The information on the several articles and sticky threads at the top of each section of the forums will be extremely useful and of benefit to you and your budgie.

If your Enoch shows definite signs of curiosity towards you and moves to closer to where you are while in the cage, then you can take the first steps in the training process. At this point and given the fact Enoch is still frightened when you change the food/water, you can try to do this by avoiding sudden moves with your arms/hands and act as if you are in slow motion.
You can start by offering a tasty treat through the cage's bars, by doing so your budgie will slowly start to get used to your hand/finger. 
By looking at his general behaviour and by interpreting his body language you will be able to have a better idea on when to proceed further with training.
When Enoch is confident in eating the treats through the cage's bars and nibble on your fingers, you can then slowly place your hand inside the cage and to give him the little treat with the goal to encourage him to step on to your hand/finger.

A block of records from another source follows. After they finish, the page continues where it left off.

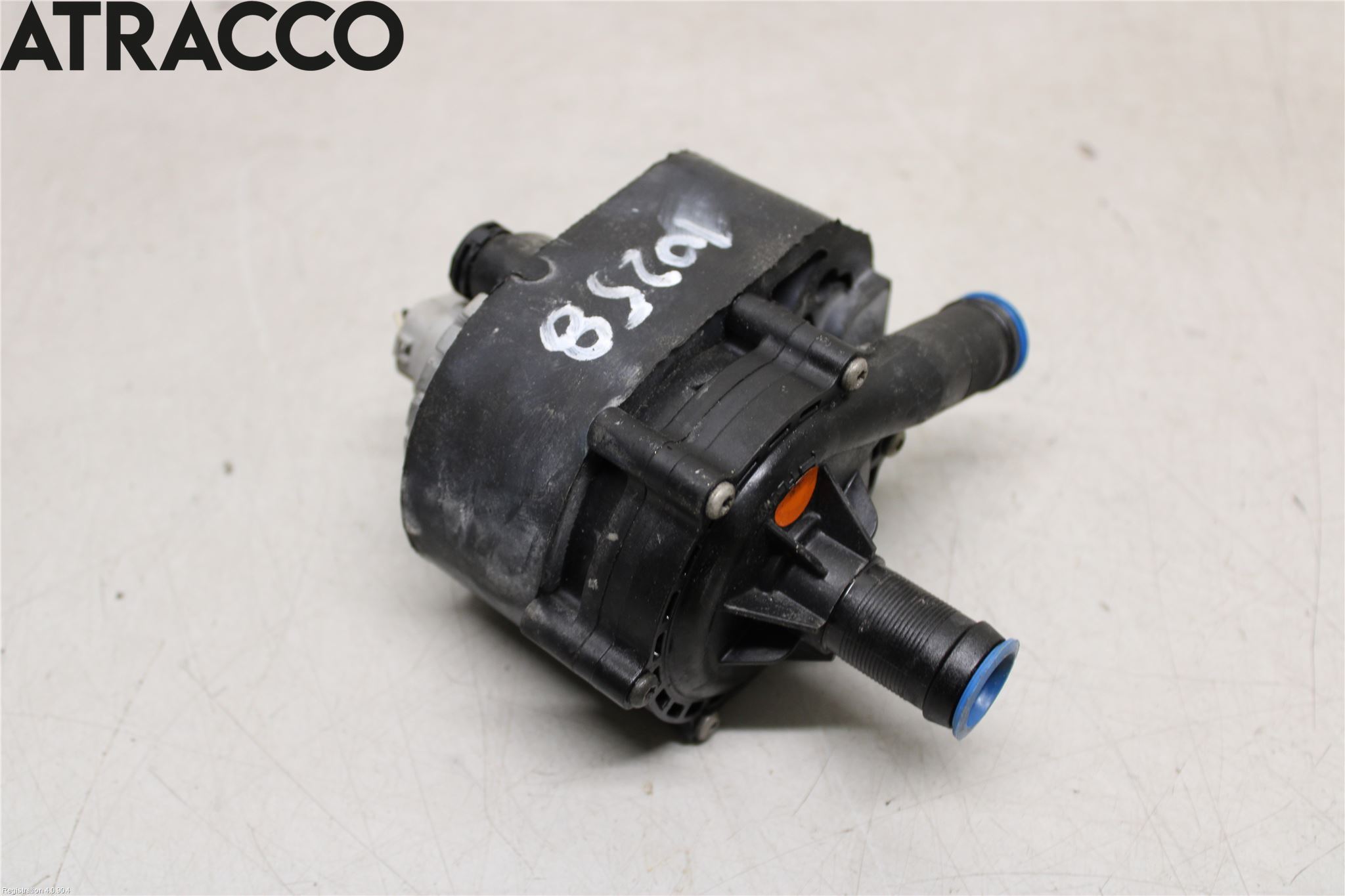 Mercedes-Benz MB B-KLASS (W246/W242) 12-19 Vannpumpe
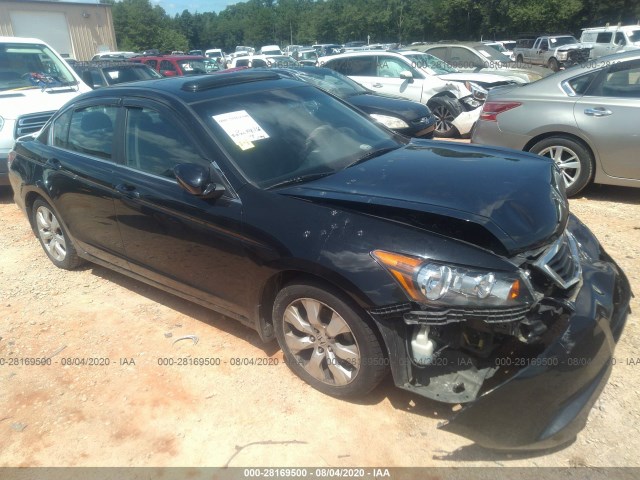 HONDA ACCORD SDN 2010 1hgcp2f86aa019019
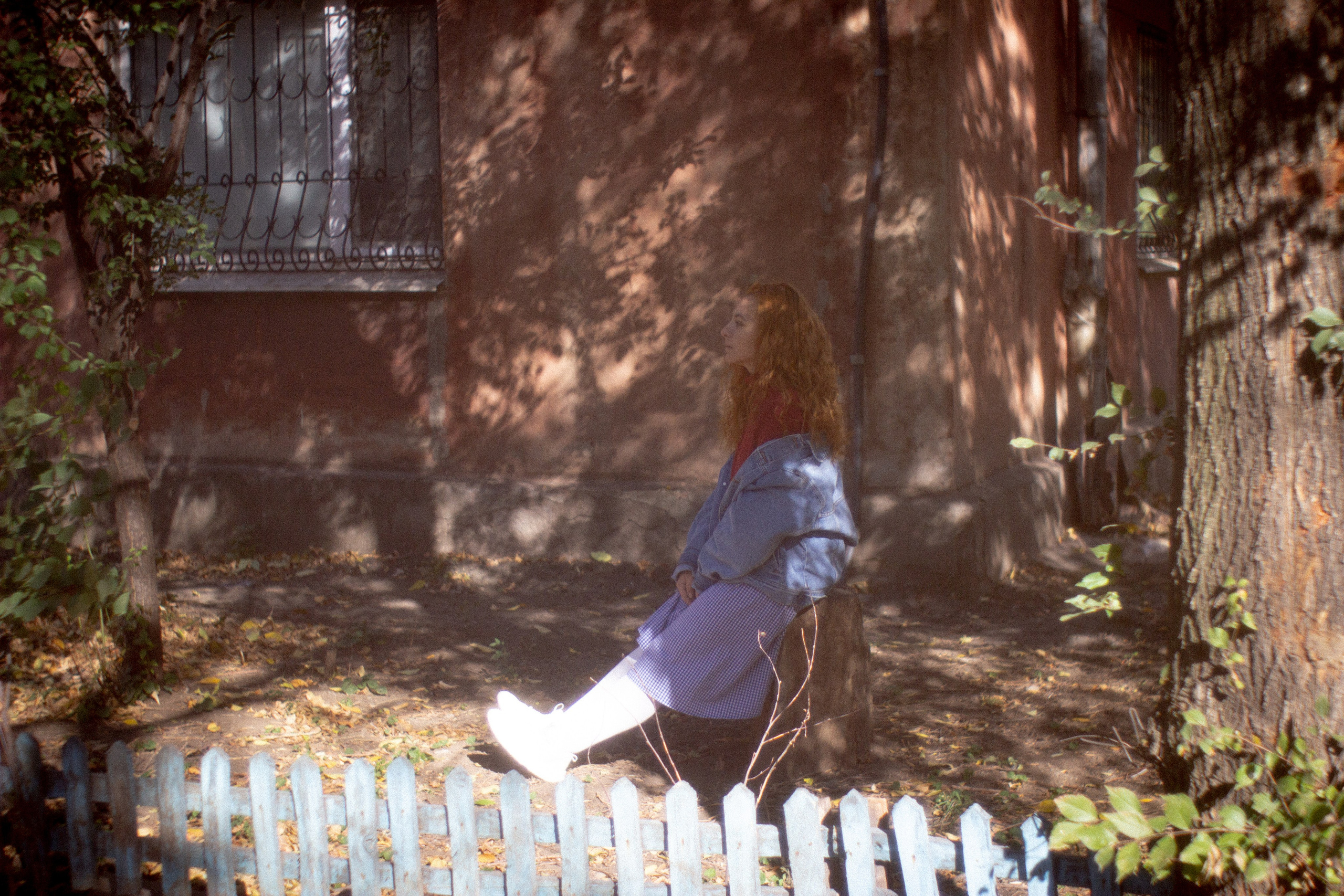 История твоего двора. • Фотограф Александра Светозар Алчевск •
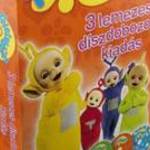 Teletubbies díszdoboz (3dvd) (1999)-eredeti-bontatlan! fotó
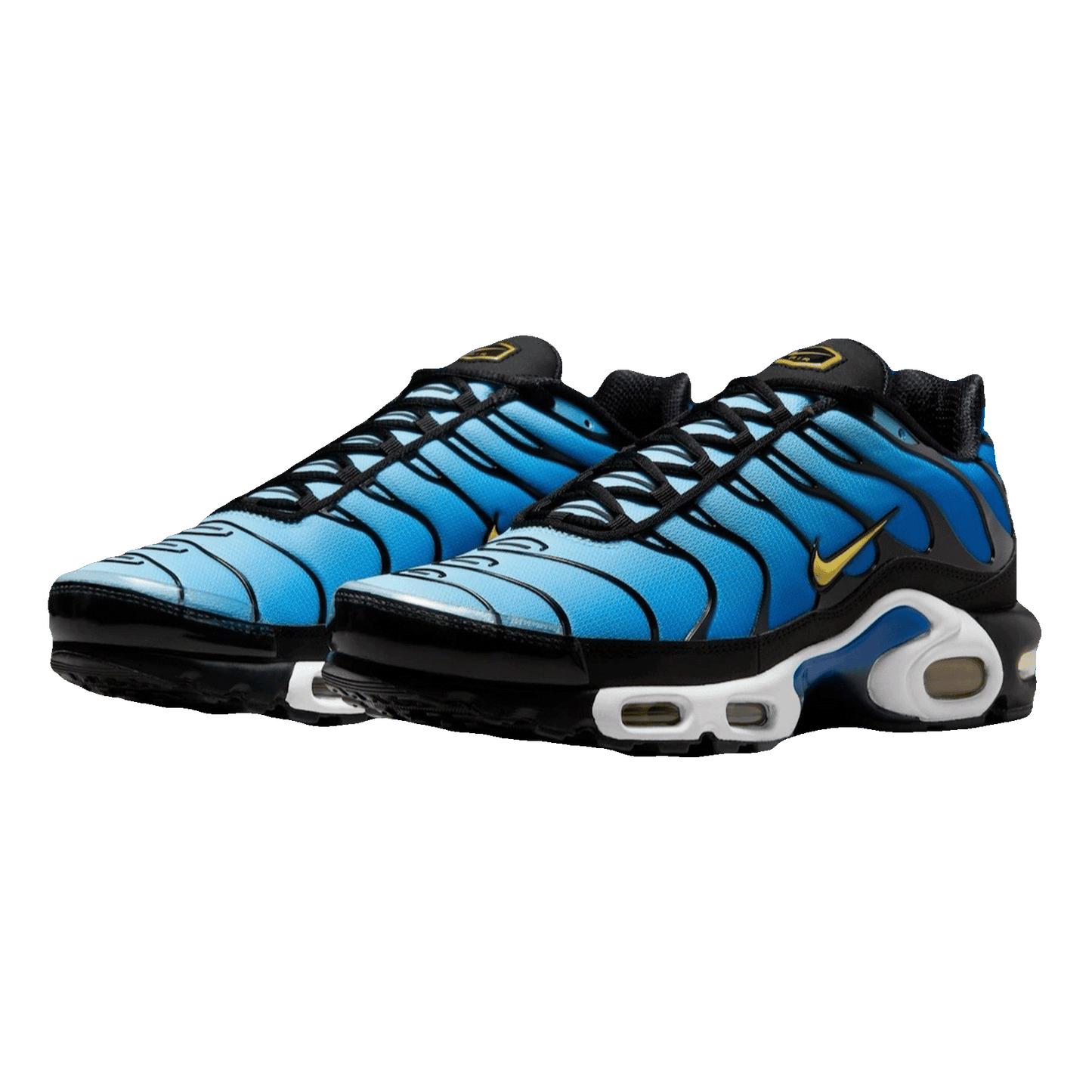 Nike TN Air Max Plus OG Hyper Blue Side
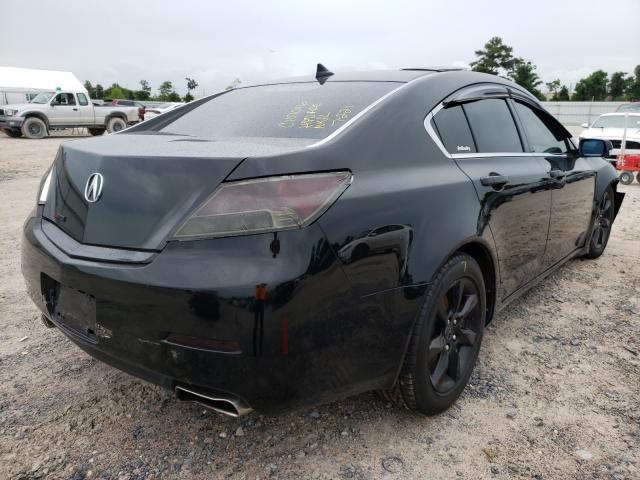 Photo 3 VIN: 19UUA8F26CA013308 - ACURA TL 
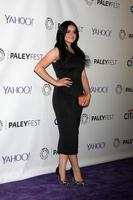 los angeles, 14 marzo - ariel inverno al paleyfest la 2015, famiglia moderna al teatro dolby il 14 marzo 2015 a los angeles, ca foto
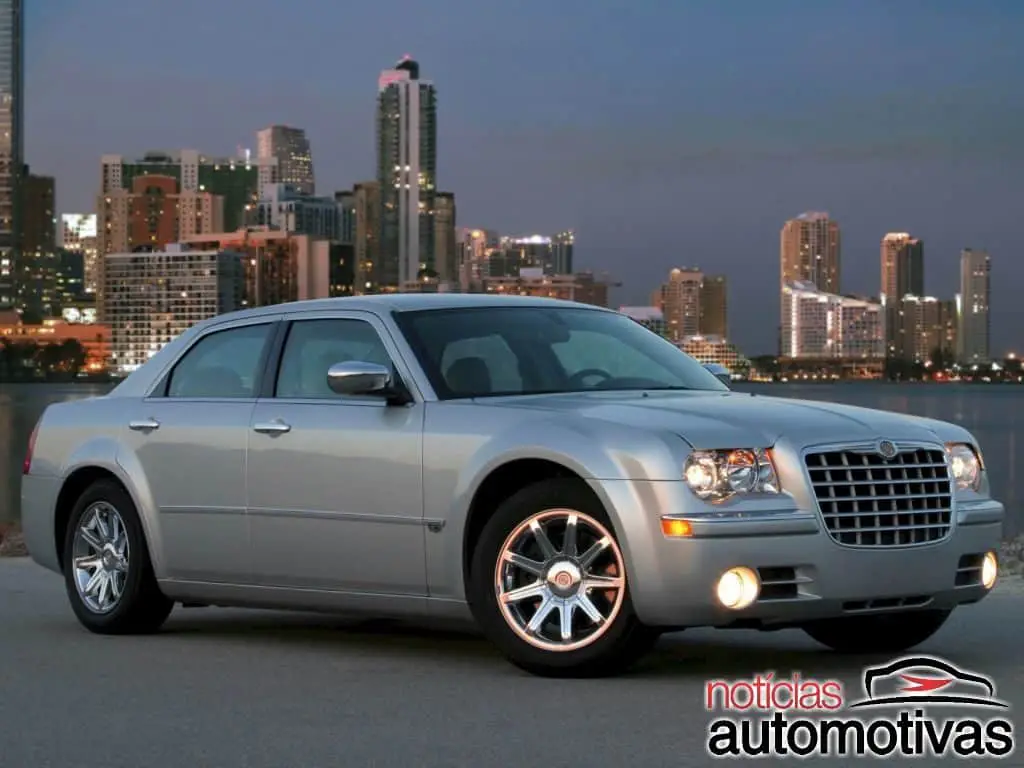 chrysler 300c 2004 2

If you haven't done so already, be sure to check the info on the stickies here at the Taming and Bonding section.

Best of luck with everything!


----------



## FaeryBee (May 9, 2011)

*Hi Noah and :welcome: to Talk Budgies

It certainly sounds as if Enoch is receptive to you beginning your taming and bonding sessions now.
Be sure to take things slow and progress only at Enoch's pace. 

We'd love to see some pictures hoto: of your little fellow if you have any you'd like to share.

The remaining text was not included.